Inside, he strode up the two flights of curved narrow steps, built into the thickness of the wall, and came out in the antechamber next to his brother-in-law’s private quarters. On a truckle bed, the sheriff’s chamberlain was snoring like a bull seal and when John kicked him he leaped up and stood trembling in his undershirt, still half asleep and hazily thinking that the castle had been attacked. The single tallow dip guttering on a table made John’s gaunt figure seem like an apparition from hell, until he recognised it as the coroner.
‘I have to see your master – now!’ said John, in a tone that instantly cleared the sleep from the servant’s eyes.
‘It’s not, well, not convenient,’ stammered the man, a middle-aged flunkey who looked after de Revelle’s wardrobe, meals and entertainment.
‘To hell with convenience!’ snarled John, and walked past the timorous custodian to the door of the sheriff’s bedchamber. He gave a peremptory knock but, without waiting for an answer, thrust open the heavy door and walked into a room dimly lit by a couple of candles flickering on a bedside chest.
There was an immediate roar of protest and a muffled scream from the large palliasse on the floor. A bearded figure, naked to the waist, shot up to a sitting position and John could see, too, the head and bare shoulders of a woman. Her profession was declared by her red-painted lips – she certainly bore no resemblance to Lady Eleanor de Revelle, who spent most of her time at their manor in Tiverton: she abhorred her husband’s official residence in Exeter Castle.
‘Get out, damn you!’ yelled the sheriff. The coroner was unmoved by his brother-in-law’s indignation.
‘I need to see you now. In your antechamber in two minutes.’ John went out and slammed the door, to find the servant lighting a ho
rn lantern and several candles. With remarkable speed, the sheriff appeared, wrapped in a coarse blanket. He was bursting with indignation at being disturbed, but John ruthlessly overran his protests. ‘Never mind all that huffing,’ he grated. ‘If you are truly the first law officer in this county, then I demand in the name of the King that you redress the injustice you did today in your court.’

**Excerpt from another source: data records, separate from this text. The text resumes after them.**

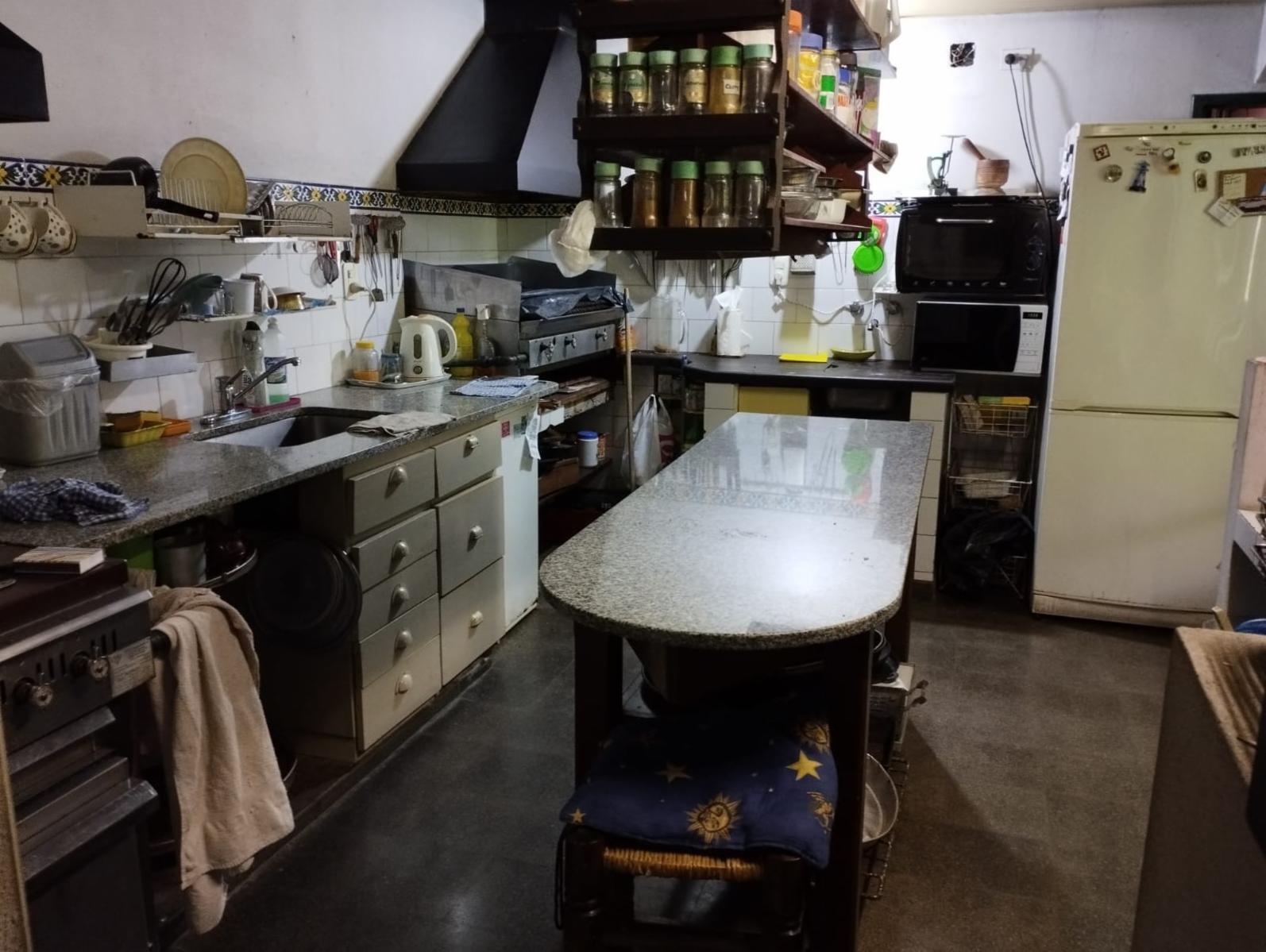 VENTA DE: CASA DE 4 AMBIENTES CON JARDIN EN LOTE DE 11 X 70 M2. A 5 CUADRAS DEL CENTRO DE MORON. — foto 14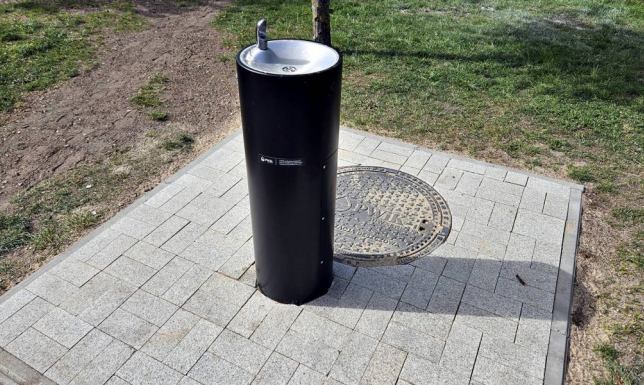  nowe źródełko wody pitnej na placu im. Marii Konopnickiej w Suwałkach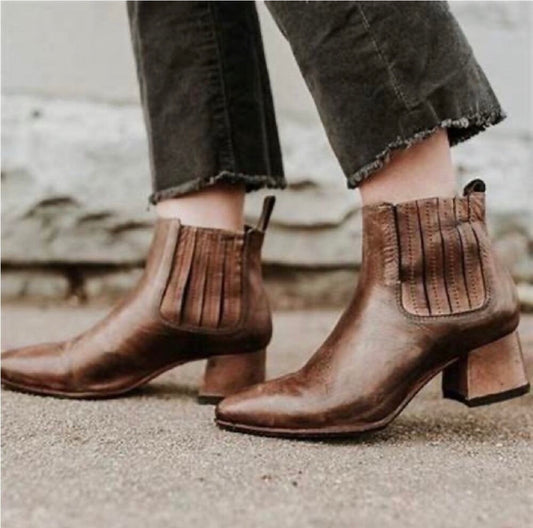 Freebird Dane Booties (Size 9)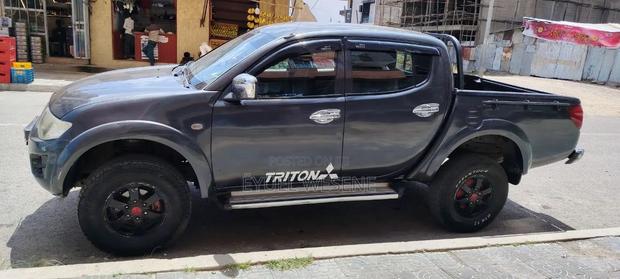 Mitsubishi L200 2011 Gray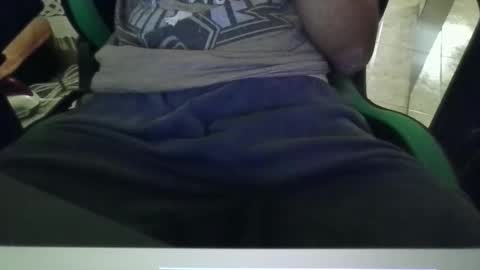 Snapshot of oshaka chatting on May 25, 2026, 8:42 am HappyGrower online show from May 25, 2026, 8:42 am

De Revelle’s protests stopped in mid-flow, incredulity at the other’s impertinence momentarily depriving him of speech.
John’s voice was booming again. ‘I have four witnesses arriving downstairs, who will testify to a confession made by Baldwyn of Beer to the murder of Aelfgar.’

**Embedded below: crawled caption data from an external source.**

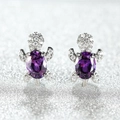 Détails des boucles d'oreilles tortue en argent avec pierre violette et zircons blancs - Plaqué Platine Zircone Violette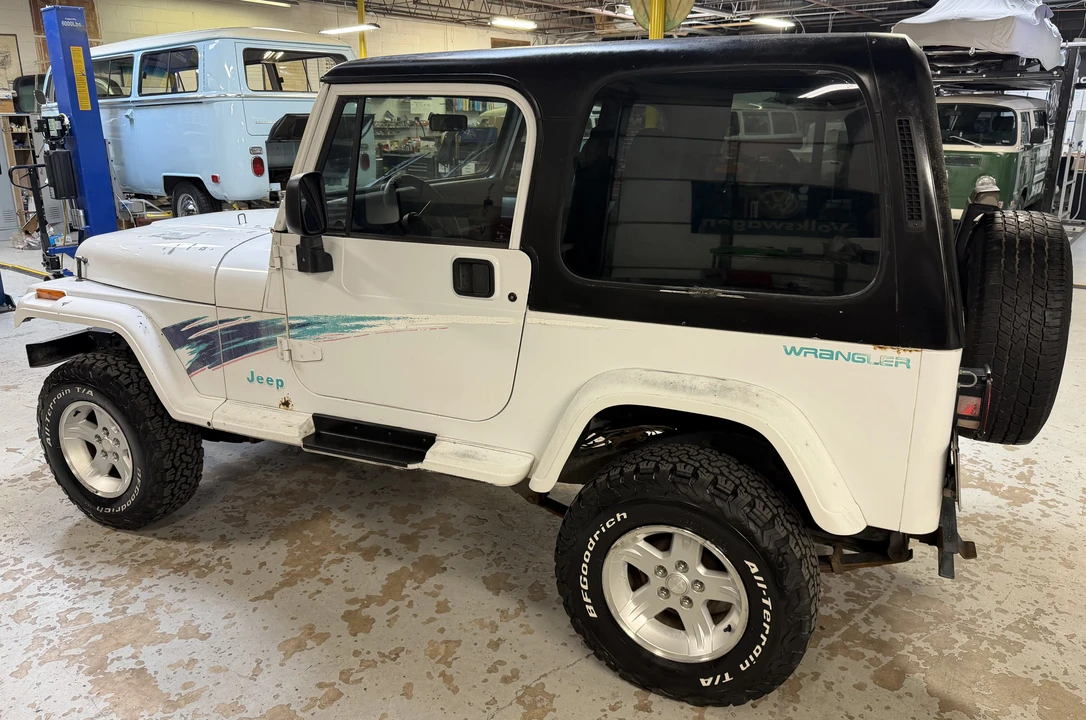 1994 Jeep YJ Wrangler - Image 17 of 27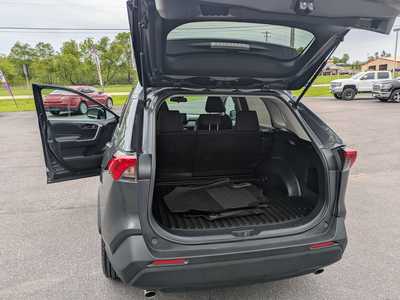 2021 Toyota RAV4, $22988. Photo 8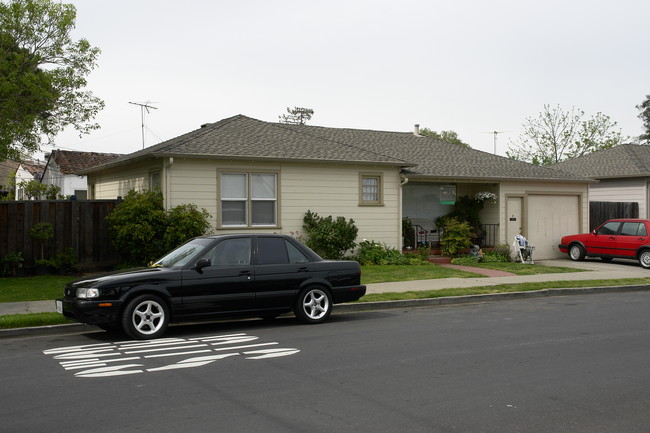 760 Cleveland St SE in Redwood City, CA - Building Photo - Building Photo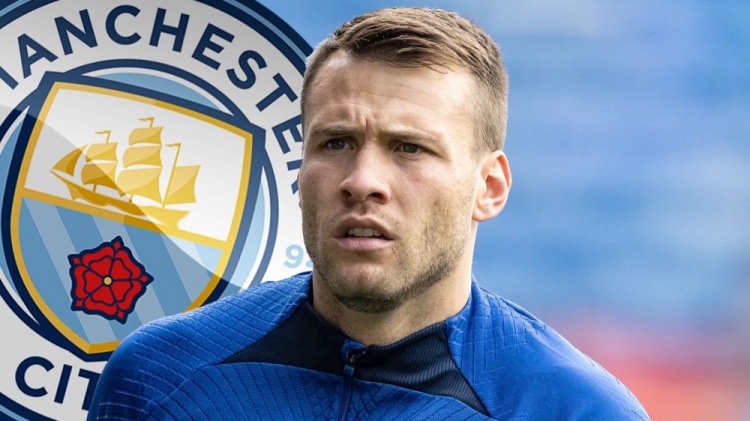 被指破坏草坪！太阳报：贝蒂内利在200万镑豪宅外建停车位被投诉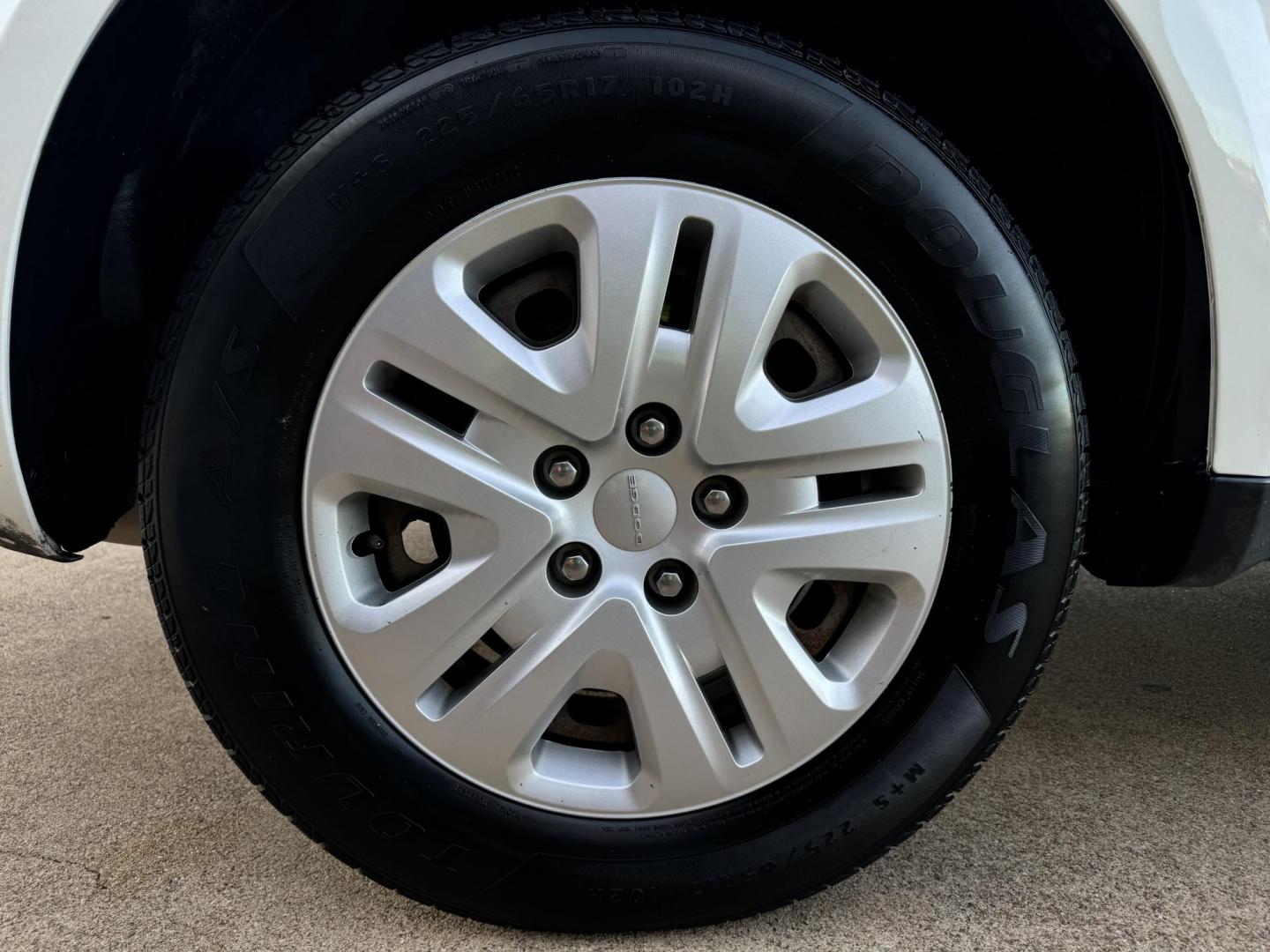 2019 WHITE DODGE JOURNEY SE (3C4PDCAB8KT) , located at 5900 E. Lancaster Ave., Fort Worth, TX, 76112, (817) 457-5456, 0.000000, 0.000000 - Photo#22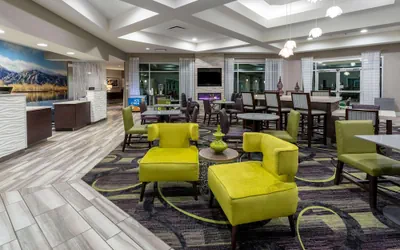 Photo 3 - La Quinta Inn & Suites by Wyndham Denver Boulder-Louisville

The sheriff’s almost manic anger cooled a few degrees, but he was still in a towering rage. ‘The matter is closed, damn you! The man has been acquitted. He cannot be charged or tried again.’

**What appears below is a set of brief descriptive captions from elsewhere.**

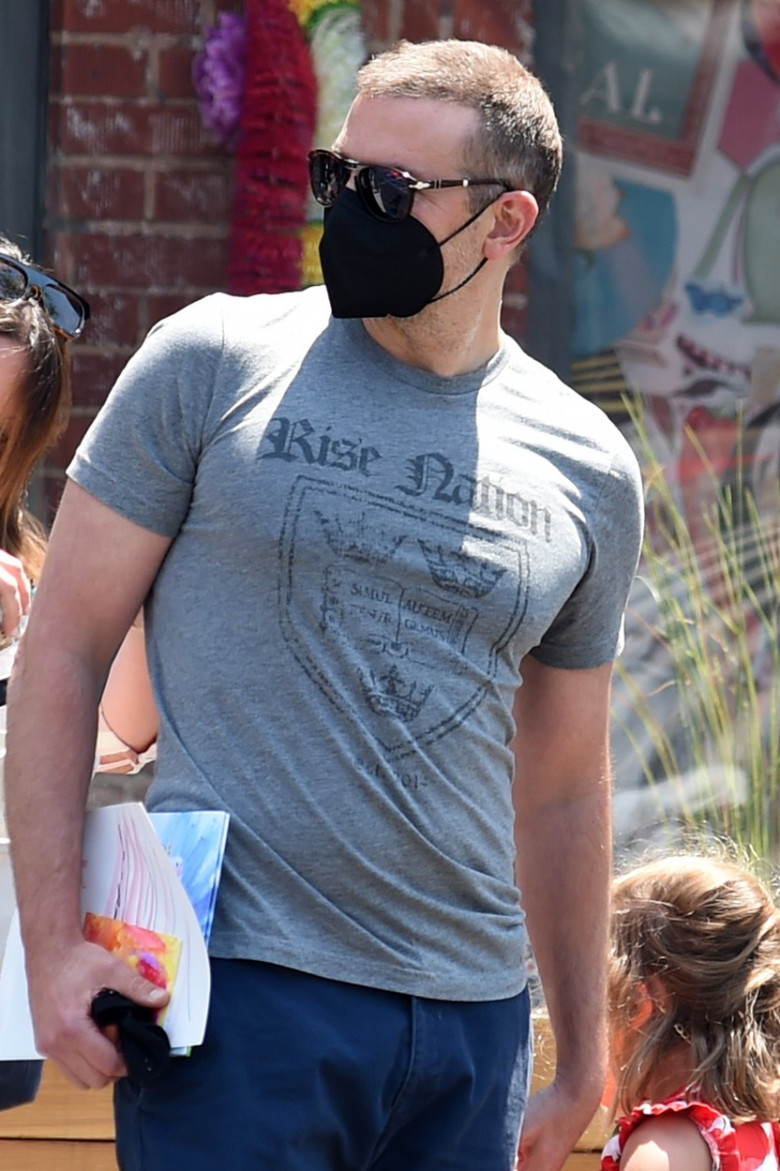 Bradley Cooper out and about, New York, USA - 21 May 2021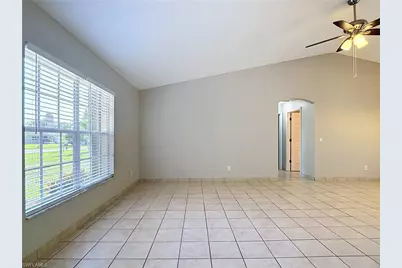 528 SE 27th St, Cape Coral, FL 33904 - Photo 6
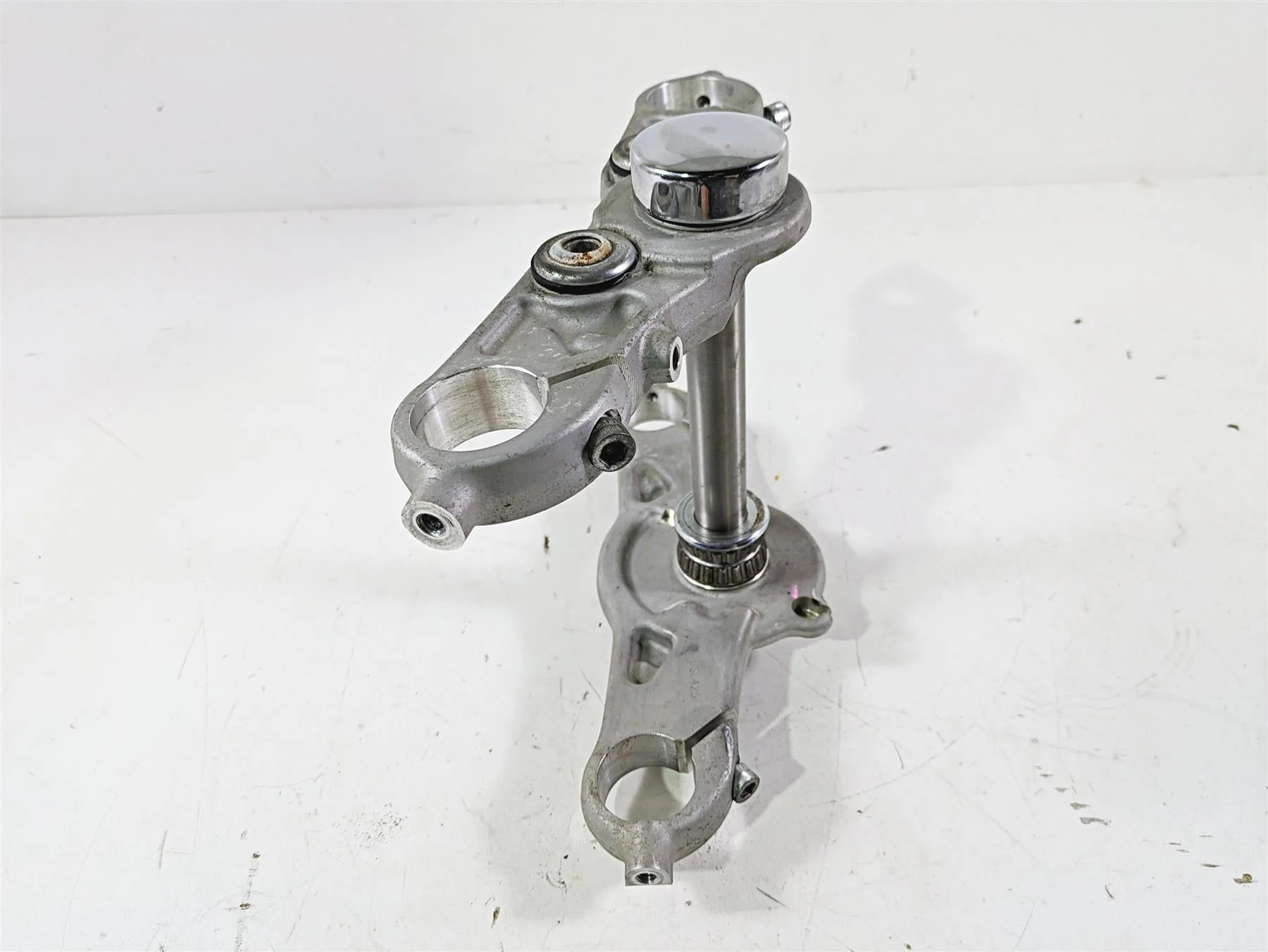 2012 Harley FLD Dyna Switchback Upper Lower Triple Tree 41mm READ 45900025 - Image 2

John savoured the moment. ‘But my witnesses also say that he confesses to being involved in the killing of Hubert de Bonneville. He was not charged with that crime today.’ Revel’s emotional temperature dropped even more sharply. ‘Witnesses? What witnesses?’
The coroner jerked a thumb in the direction of the stairway. ‘You’ll soon see when they come up here.’
The sheriff rallied to fight a strong rearguard action. ‘You must be either drunk or witless! You come here in the middle of the night to disturb me …’ He gave a quick furtive glance towards the bedroom, where the whore would be waiting apprehensively. ‘This will cost you your job, John. You come with some maniac story of witnesses. Do you really expect me to take you seriously?’
The coroner was unmoved by his bluster. ‘I have four persons who will separately and together testify – to the King, if needs be – that they heard this miscreant confirm that Hubert’s squire was slain more than a month and a half ago. And, further, that Baldwyn helped to kill Hubert near Widecombe about three weeks ago.’